The work discernment also helped me determine another important piece of the process: Vocational discernment. Before this summer I spent a good amount of time thinking if I was to be a priest or to be working and having a family. Around Holy Week, I racked my mind with this question and could not get a good answer. I decided that I would use the summer to help figure out that part of my journey. With the summer close to being over, I can say pretty definitively that I’m not called to enter the seminary. As I stated above, I don’t feel called to the work in the seminary. I feel called to the press box or press row and to tell the beauty of he stories I see, especially the sports stories that I might be able to provide some insight into. I admire the work of the Priest and know that it is essential to have great Priests to make the Church work in any capacity. I also don’t feel like that’s where I’m supposed to be. This hit me yesterday when a friend announced via a Facebook post that he will enroll in the seminary to become a priest. I was thrilled to hear that he will do that and I’m excited for him! He’ll do an incredible job! There’s just one disconnect for me, I don’t feel like I can follow him. I’ve had other friends who’ve entered and when they announced their plans I thought that I could join up be a priest too. I guess that was my mindset at the time or where I was in my faith journey that told me I could do that as a viable option. But yesterday when I heard the news, no. I was happy for my friend but nothing more than that. I’ll always be a Catholic, but that doesn’t mean I have to join the seminary to be a good Catholic male. 

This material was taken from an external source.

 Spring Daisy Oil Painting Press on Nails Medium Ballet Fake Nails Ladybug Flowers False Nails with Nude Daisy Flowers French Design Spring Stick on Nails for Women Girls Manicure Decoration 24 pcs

Having the seminary off my list opens up one huge thing that I do feel called to, but in the long term: having a family. I know I have to have a girlfriend whom I marry then have kids with in order to have a family of my own and currently I don’t have that chance now. It’ll be a while before I have that, from what I can tell. And I have no issue with this. I can be patient and find my chances and take them when needed. I feel comfortable looking for them because I am quite sure that I’m called to have a family and kids. I feel comfortable working with and serving them at my camp job, I love making the campers smile, I loved entertaining the kids at the Whitecaps games whenever I could, and I feel comfortable doing the needed parent-roles. I’ll be patient and look for my chances to make that sort of life happen, but I do feel called to that life. 

It’s oddly comforting to have these sorts of details sorted out before I begin my senior year at BU. now to act on it and make it actually happen! I hope people reading this understand an important piece of discernment advice: Live and Learn! That’s the best way to find God’s call. It worked wonderfully well for me! Hope it helps you a bit.